Ну что можно сказать? С художественной точки зрения роман, как мне кажется, не самый удачный. Личность героя так и осталось не вполне раскрытой, какие-то повороты сюжета неправдоподобны.. Но читал с интересом, во-первых, как напоминание о фактах российской истории в период до и в период Первой мировой войны. Гибель армии Самсонова в Восточной Пруссии в 1914 году описана очень драматично. Не понимаю, каким местом должны были думать в Ставке или Генштабе, чтобы назначить во главе двух ударных армий, которые должны были взаимодействовать в рамках нашего первого наступления ПМВ, личных врагов - генералов Самсонова и Ранненкампфа. Во-вторых, самое интересное - это описание перипетий истории Сербии в период до ПМВ. Вот это для меня было новостью. Никогда об этом ничего не читал. Ну вроде Гаврила Принцип убил Франца-Фердинанда, наши вступились за братьев-славян..., а в чем там реальная подоплека этого повода к войне, я не знал. А тут вся картина разведсхем и заговоров развернута на полкниги... Насколько все достоверно описано, трудно сказать, надо почитать историческую литературу: уж очень много параллелизма с нашим днем...

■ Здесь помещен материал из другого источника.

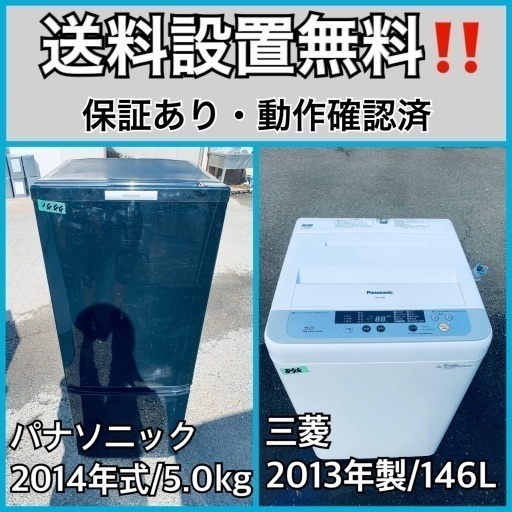 送料設置無料❗️業界最安値✨家電2点セット 洗濯機・冷蔵庫209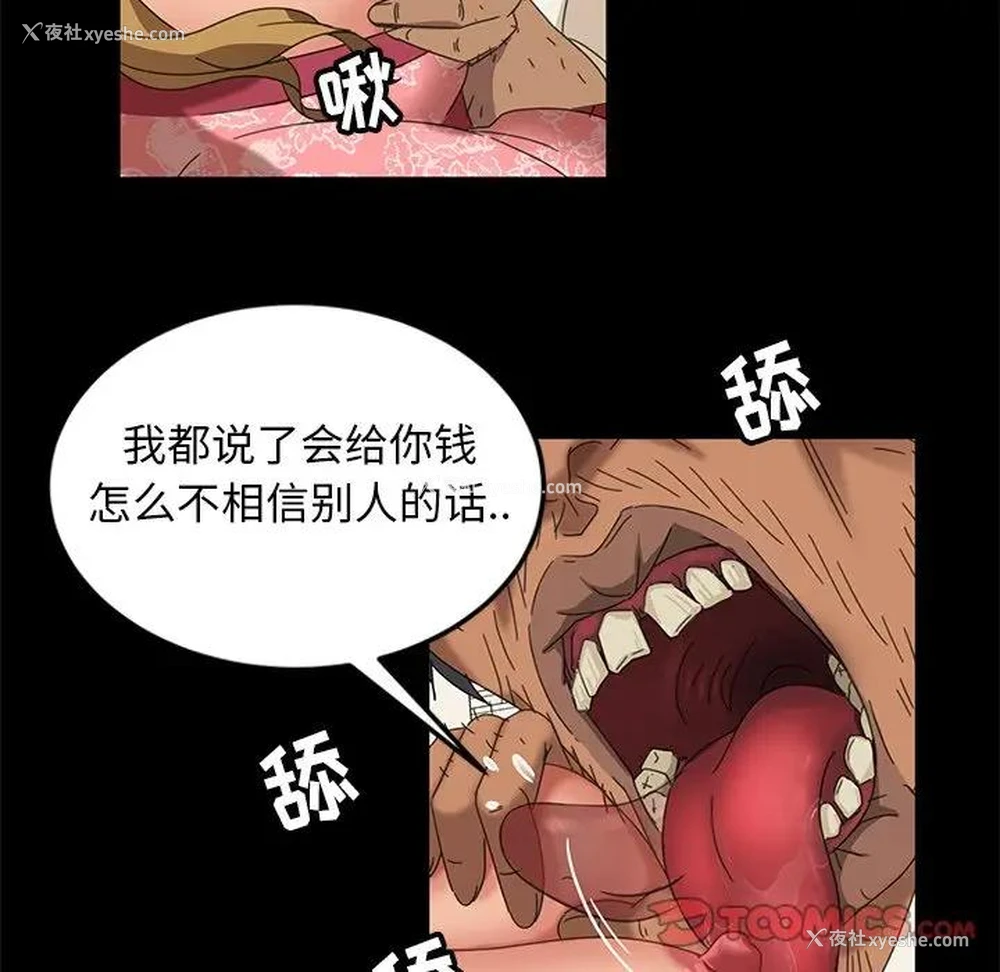 48P - 隔壁老金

А стоит ли верить анонимным источникам, якобы подбрасывающим мемуары известным писателям? Они порой о таком рассказывают, что плохо соответствует действительности. Например, мемуары некоего офицера царской и в дальнейшем генерала советской армии за авторством Валентина Пикуля служат ярким тому доказательством. Главный герой произведения «Честь имею» аналогичен Мюнхгаузену, поскольку берёт на себя сверх возможного и воистину должен быть человеком-эпохой, настолько многое он видел и в ещё большем количестве событий принял участие лично.
Так себе. Как художественная литература по нынешним меркам уже не так увлекательно. Но как историческую почитать любопытно. Хотя тоже надо помнить о личном отношении автора.